Article Text
Abstract
Introduction Poly (adenosine diphosphate [ADP]-ribose) polymerase inhibitors (PARPis) are becoming the standard of care for epithelial ovarian cancer (EOC). Recently, clinical trials of triple maintenance therapy (PARPi+anti-angiogenic agent+anti-PD-1/L1) are actively ongoing. Here, we investigated the immunological effects of PARPi or triple maintenance therapy on T cells and their impact on clinical responses.
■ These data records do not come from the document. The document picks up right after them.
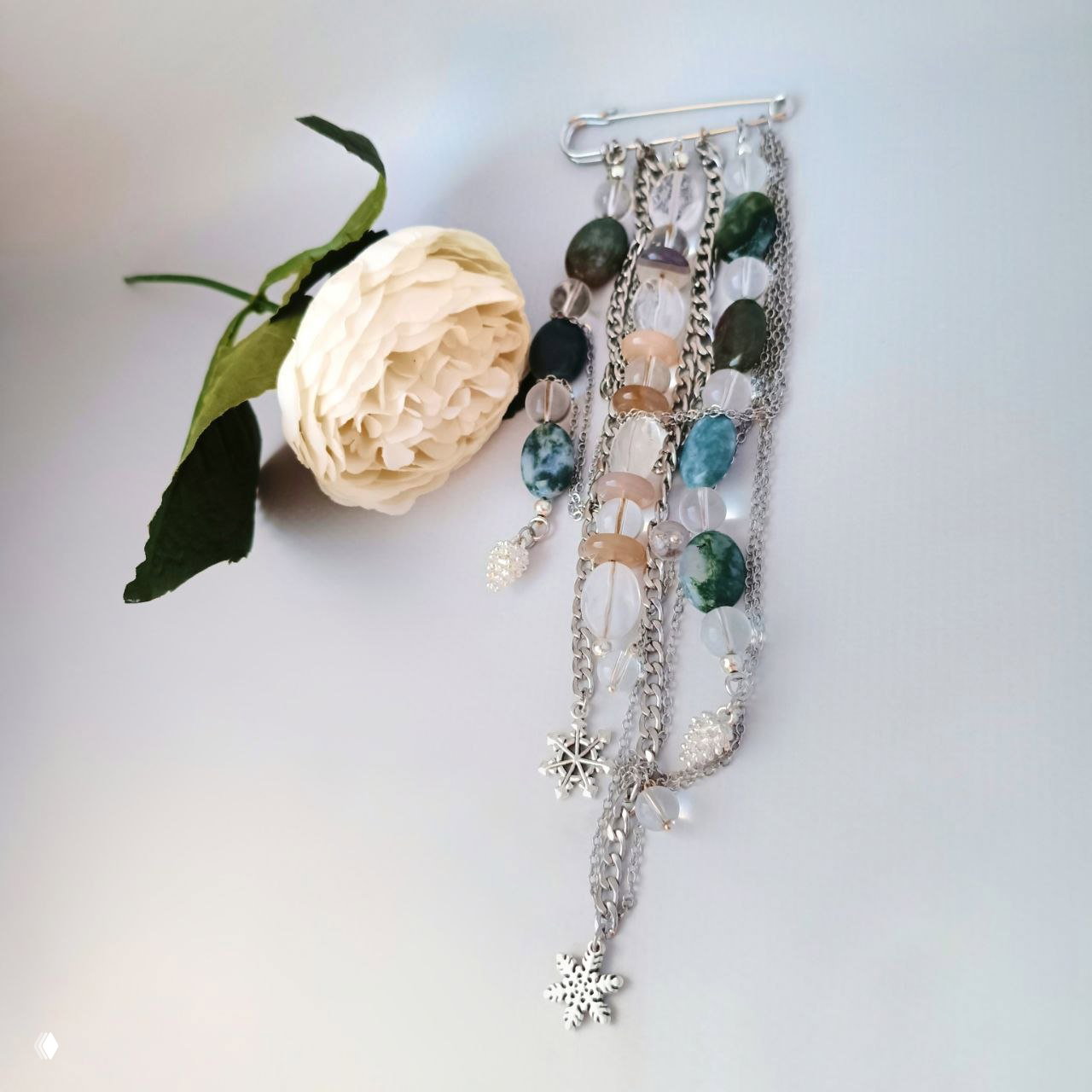 Композиция браслетов и подвесок: плоские и круглые бусины индийского агата и прозрачного кварца на серебристых цепочках рядом с белым цветком, студийная съёмка.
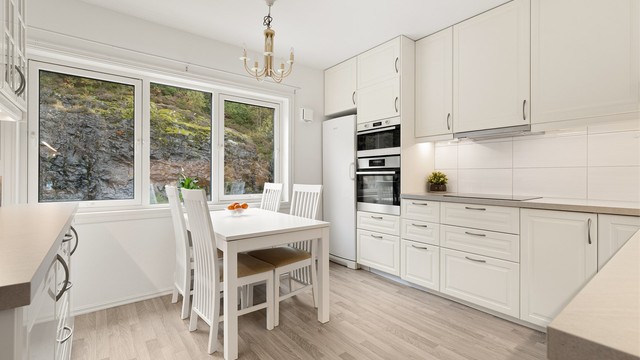 Stort og tidløst IKEA-kjøkken med profilerte fronter og laminat benkeplate.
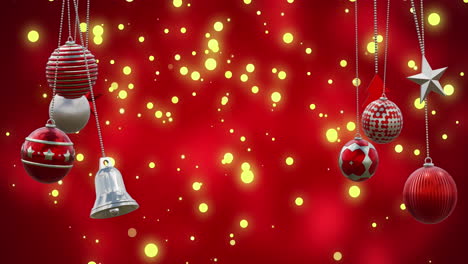 animation of christmas baubles and spots of light falling on red background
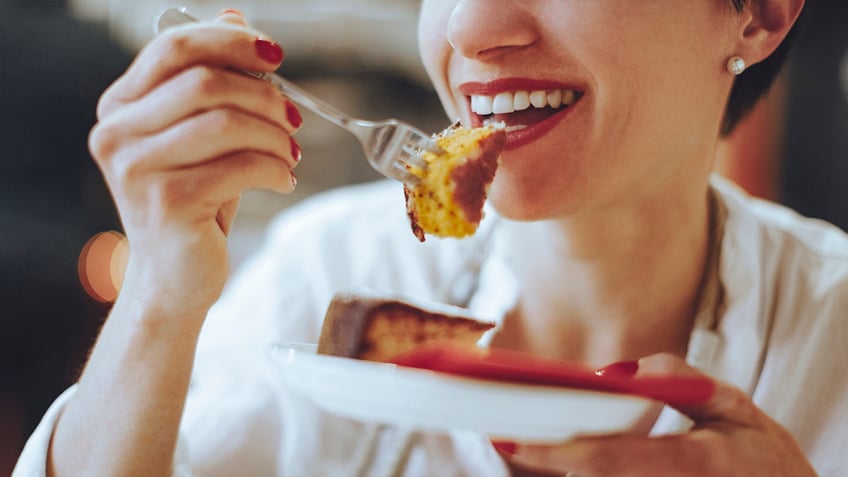 woman smiling eating dessert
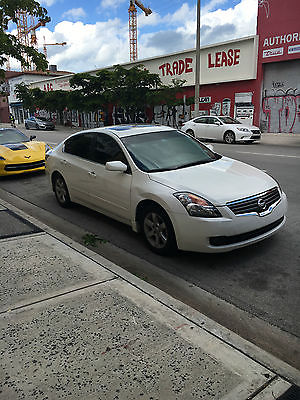 2009 Nissan Altima Leather 2009 USED White Nissan Altima 2.5 SL auto trans cold A/C leather interior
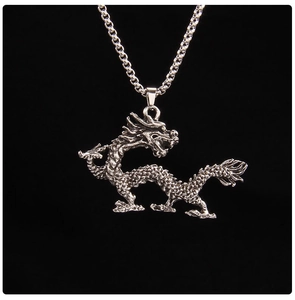 Detailed view of an antique silver dragon pendant necklace with intricate carvings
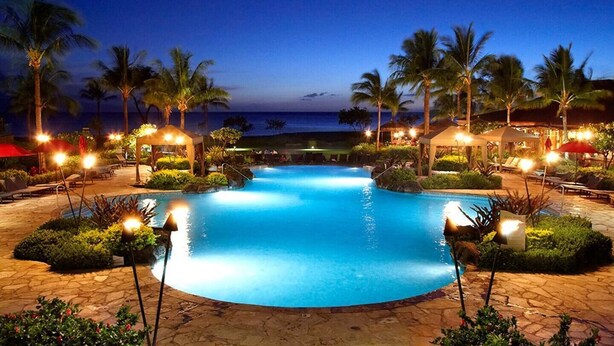 A nighttime swimming pool with palm trees and lounge chairs, surrounded by a stone deck and a view of the ocean. - ❤️Luxury 2 BD Condo at Honua Kai Resort on the Beach ❤️ (Kaanapali)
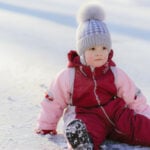 baby sitting in the snow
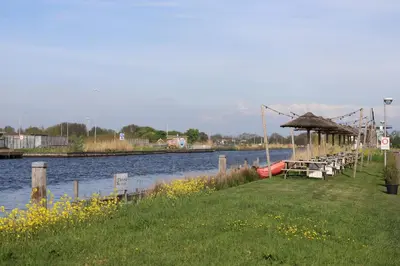 a dock with tables and a boat on the water at Safari Lodges Premium in Nieuwe Wetering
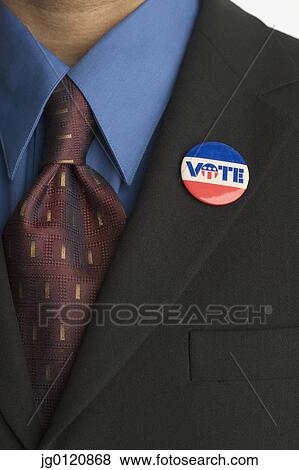 Close up of businessman with vote pin on lapel View Large Photo Image Stock Photo - Close up of businessman with vote pin on lapel. Fotosearch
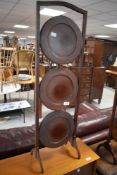 A 1920's mahogany folding three-tier cake stand 89.5cm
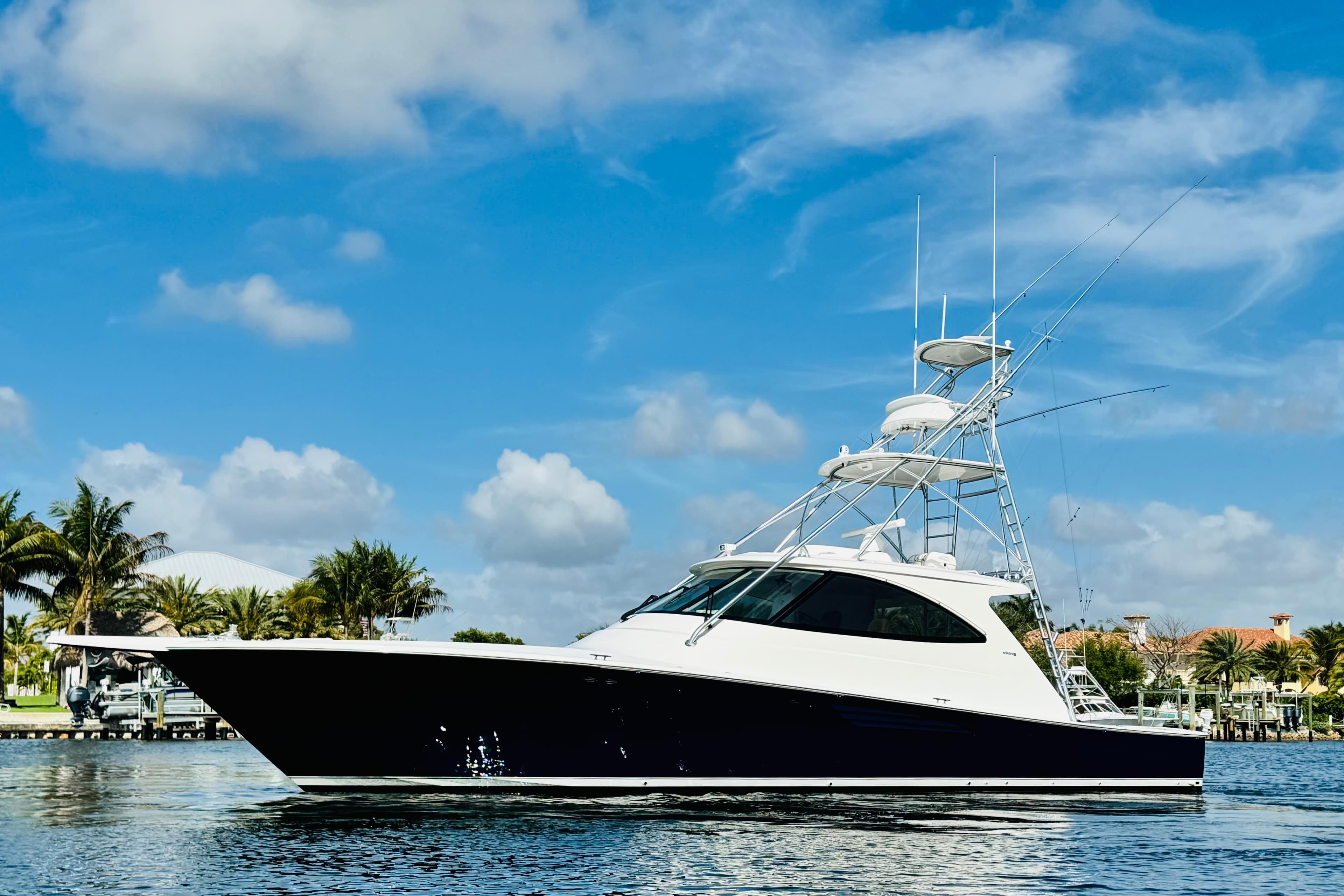 2017 Viking 52 Sport Tower yacht cruising under a clear blue sky.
Methods We collected serial blood from EOC patients receiving PARPi therapy (cohort 1: PARPi, n=49; cohort 2: olaparib+bevacizumab+pembrolizumab, n=31). Peripheral T cells were analyzed using flow cytometry and compared according to the PARPi response. Progression-free survival (PFS) was assessed according to predictive biomarkers identified in a comparative analysis
Results Regulatory T cells (Tregs) were suppressed by PARPi therapy, whereas PD-1 was not significantly changed. Short PFS group exhibited a higher percentage of baseline PD-1+Tregs than long PFS group, and the patients with high percentage of PD-1+Tregs before treatment showed poor PFS in cohort 1. However, the expression of PD-1on Tregs significantly decreased after receiving triple maintenance therapy, and the reduction in PD-1+Tregs was associated with superior PFS in cohort 2 (P=0.0078).
Conclusion/Implications PARPi suppresses Tregs, but does not affect PD-1 expression. Addition of PD-1 blockade to PARPi decreases PD-1+Tregs, which have negative predictive value for PARPi monotherapy. Our data suggest that addition of PD-1 blockade to PARPi maintenance therapy is a promising option to improve survival outcomes for high-risk patients with ovarian cancer.